Records contained in a dataset:
____________________
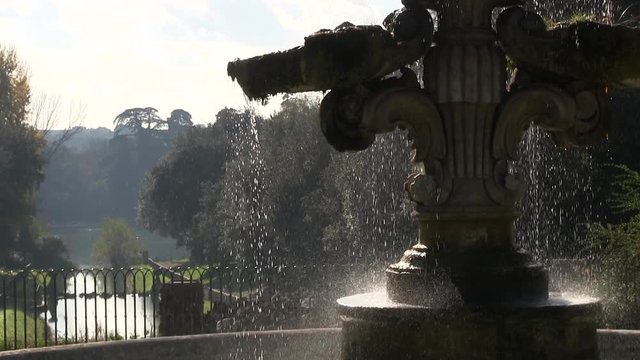 Roma, Italia. Villa Pamphili. Autunno Dettaglio fontana in controluce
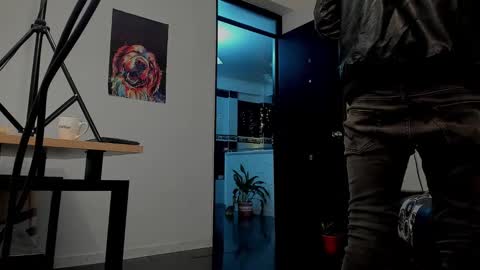 LIAM- noah online show from January 3, 12:30 pm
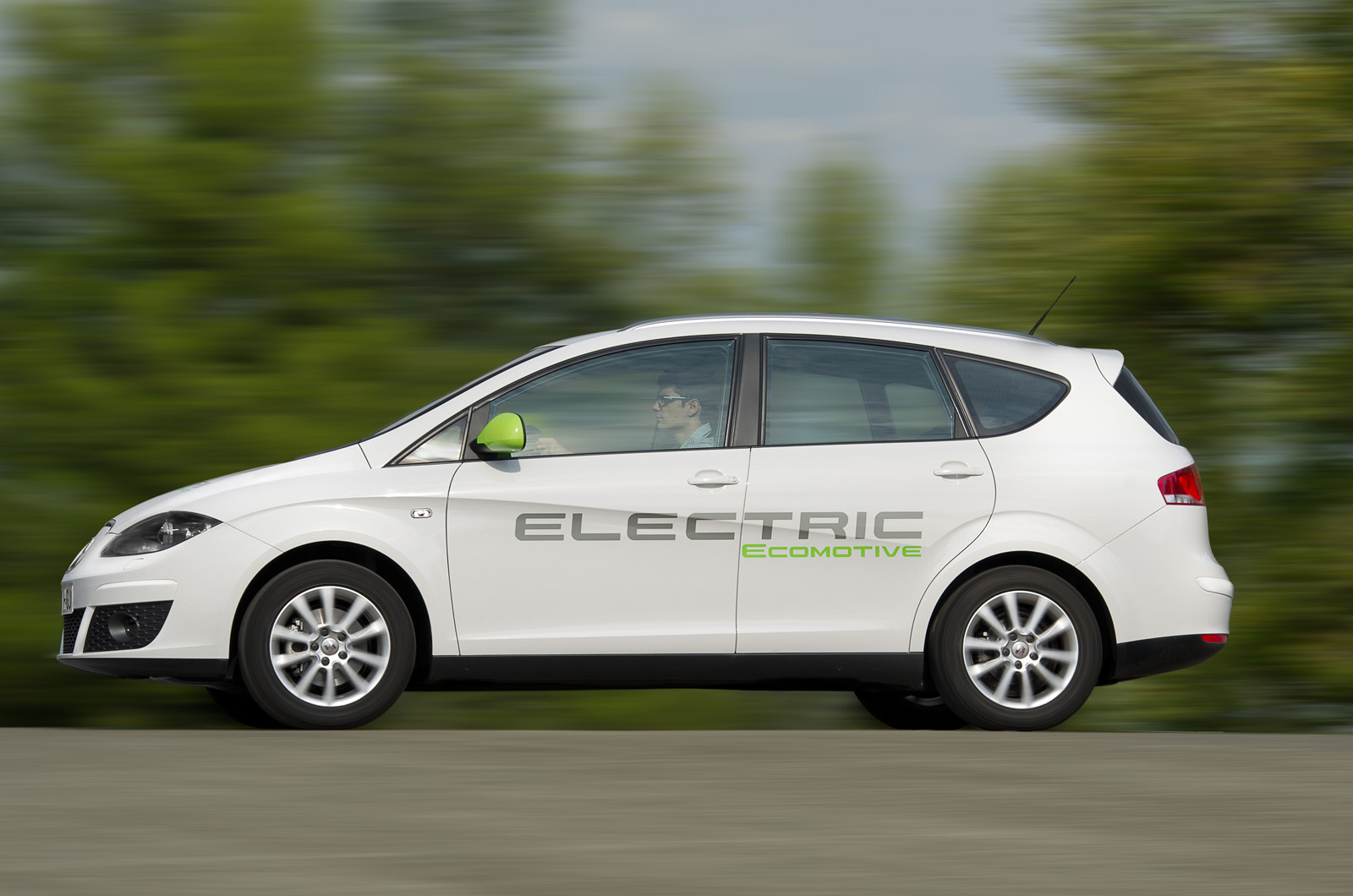 SEAT Altea XL Electric Ecomotive coming in 2015 - Drive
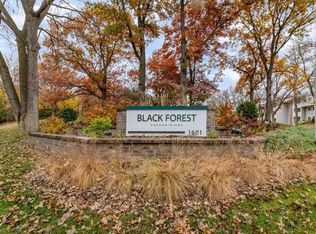 1601 N Innsbruck Dr APT 123, Fridley, MN 55432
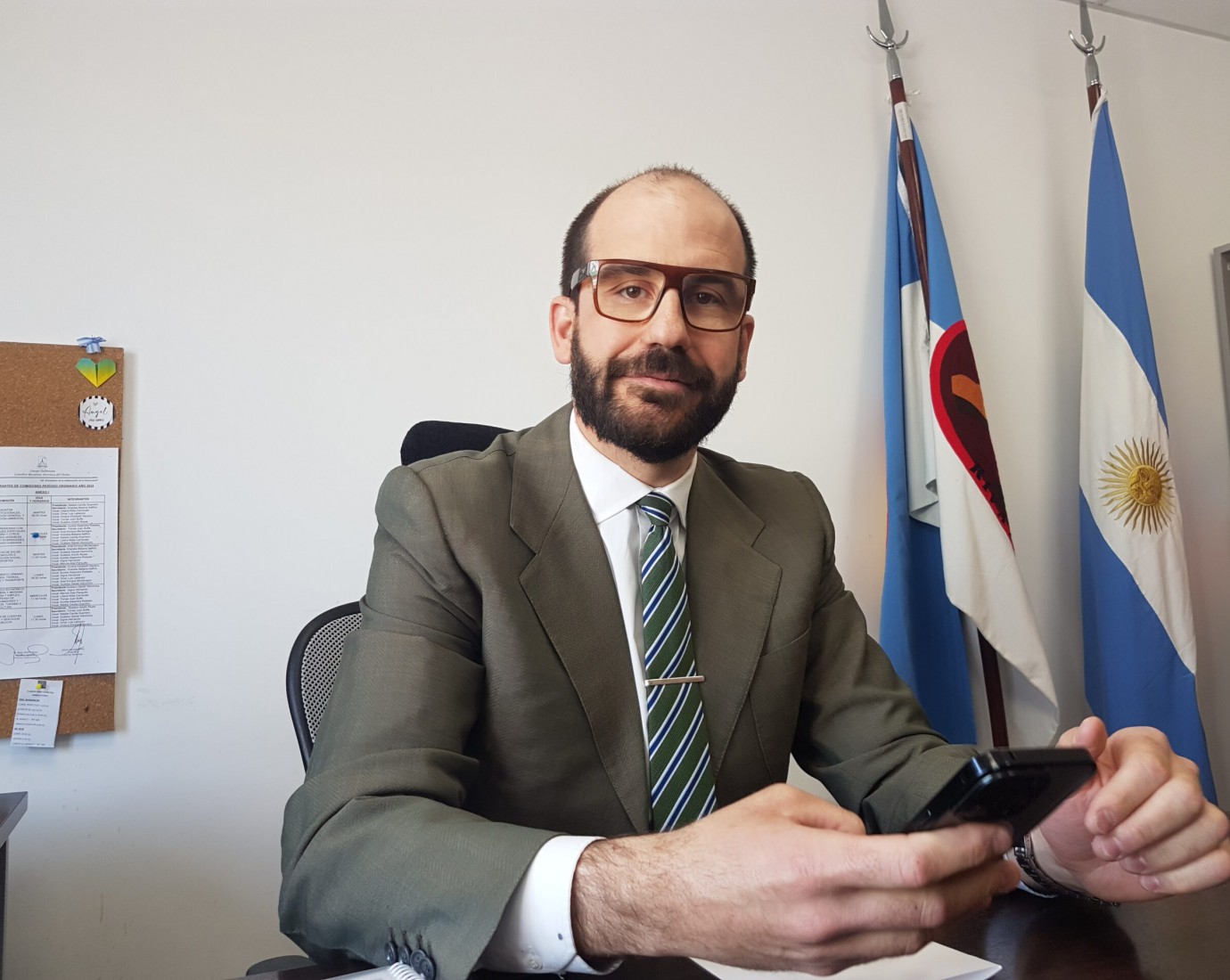 En medio de la polémica por la entrega tardía de kits escolares, desde el Municipio advierten que "estamos dentro de los plazos"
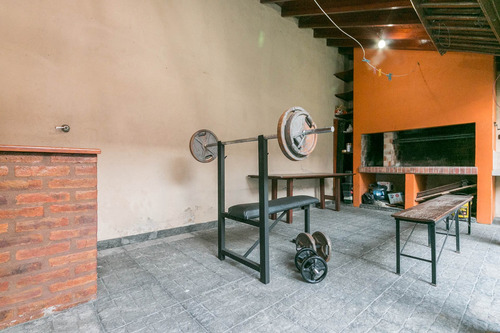 Chalet 2 Plantas Con Jardin Y Quincho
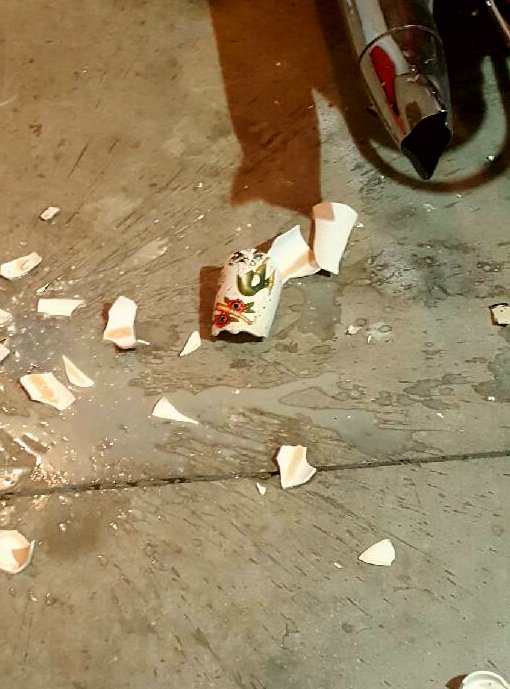 Studio_M_'s tweet image. - During the
#ScoutExhaustModificationProject
I accidentally Broke my MermaidCup that my Youngest got me for Xmas
:(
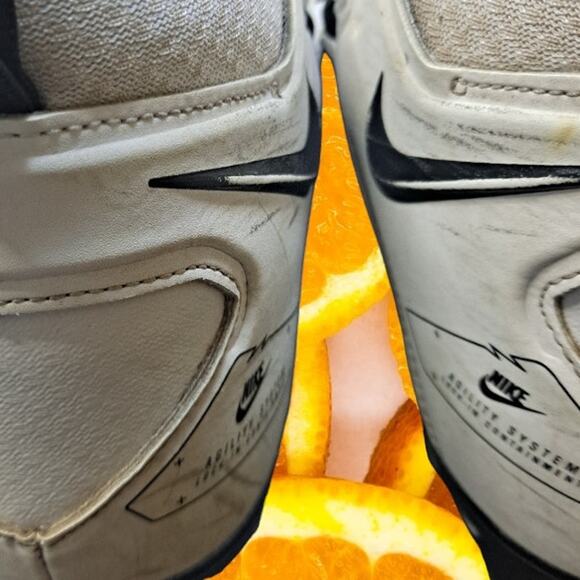 Nike‎ Alpha High Top White With Black Football Cleats Size 8.5 - Picture 6 of 10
____________________
> **Exercise directions**
The answer consists solely of the lines from the one holding "I accidentally Broke" through the last line of the entries above, set down verbatim, without any pictures.

> **Task response**
I accidentally Broke my MermaidCup that my Youngest got me for Xmas
:(
 Nike‎ Alpha High Top White With Black Football Cleats Size 8.5 - Picture 6 of 10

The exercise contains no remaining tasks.